Questo ricordo mi aiuta a introdurre l’unicità di un autore a cui, quest’anno, è stato attribuito il Leone alla carriera e che onoriamo con un ampio omaggio dedicato alla prima parte della sua opera; presentiamo anche Burden of Dreams di Les Blanc, film essenziale per capire le relazioni profonde tra Fitzcarraldo e lo stesso Herzog. Coppola nella laudatio che ha preceduto la consegna del Leone, ha parlato dell’opera di Herzog come di una vera Enciclopedia sull’umanità.
Un’opera tra le più singolari, coerente, autarchica, che un giovane critico francese che sarebbe divenuto un famoso romanziere, Emmanuel Carrère, definì nei primi anni Ottanta “una volontà di estasi, un’opera che si pone in un anacronismo totale, straniera al suo tempo e forse al Tempo. Cosa può dirci oggi questo poeta romantico tedesco?”. Herzog cinquant’anni dopo il suo primo film continua a essere una delle voci più sincere del cinema contemporaneo.
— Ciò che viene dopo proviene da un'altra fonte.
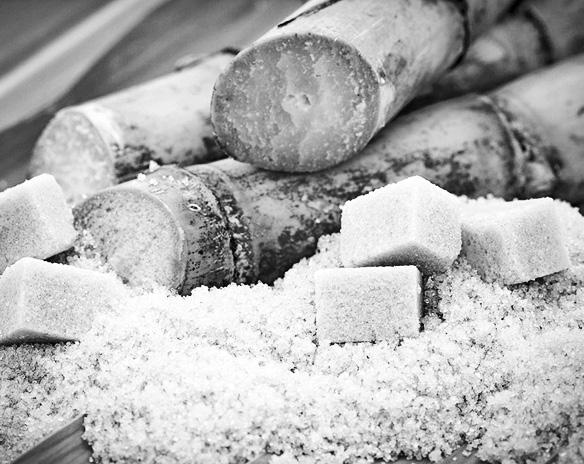 Sugar sector pushes floor price via program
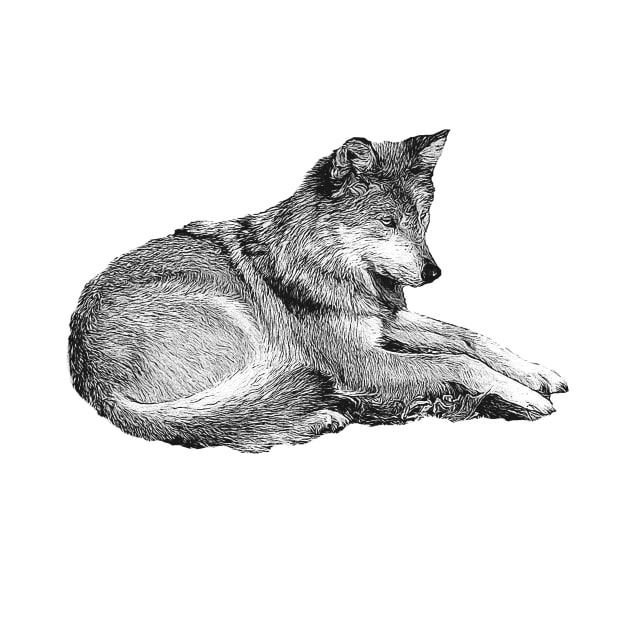 Wolf by Guardi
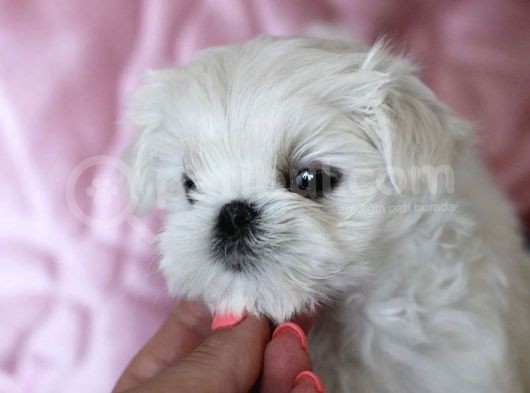Tüy Dökmeyen Maltese Mini Boy Yavrular görsel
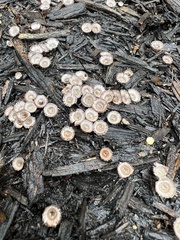 Nidulariaceae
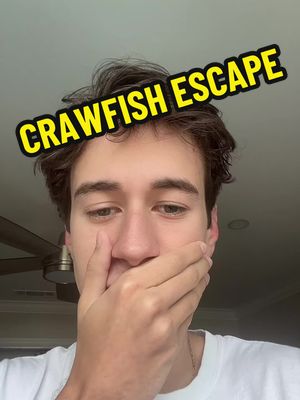 eu não uso discord, nunca criei conta lá!  | estão usando meus vídeos em vídeos falando que faço parte de panelinha  | eu não uso discord! minhas únicas redes são a rede vizinha e o tik tok!  | Fabulous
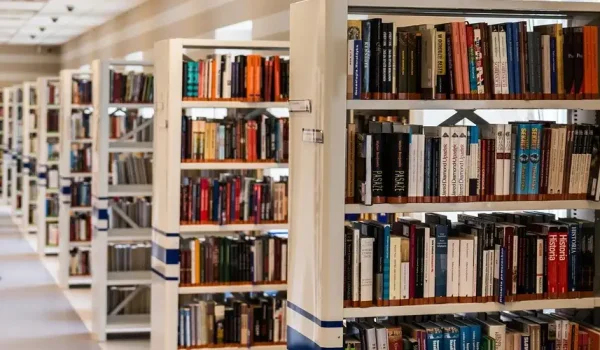 cara-membuat-erd-perpustakaan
L’8 settembre non è solo una data infausta nella storia italiana, ma è anche la data di nascita di uno degli attori più personali ed essenziali della storia del cinema. Peter Sellers nasceva cento anni fa, non potevamo non ricordarlo,
soprattutto in questi tempi amari, dove il suo personaggio del Dottor Stranamore sembra essere un potenziale comprimario nella galleria di mostri che governa i nostri destini mondiali.
È una delle attrici più sensibili e uniche del cinema francese ed europeo. Fa parte di quella ristretta schiera di interpreti che possono essere considerate come coautrici dei film a cui partecipano, tanto essenziale è sempre il suo contributo. Dal 2003 Valeria Bruni Tedeschi è anche regista, certificando un talento sorprendente e una voce personale e originale. Il 10 settembre sarà a Bologna per presentare all’Arena Puccini Duse, il nuovo film di Pietro
Marcello che la vede protagonista, e ha accettato di aprire la stagione del Modernissimo con il suo primo film da regista, È più facile per un cammello… Non potevamo sperare in un inizio più felice: con la sua intelligenza, la sua
follia creatrice, il suo coraggio, Valeria rappresenta i talenti che ci aspettiamo in questa nuova stagione del Modernissimo. Benvenuti!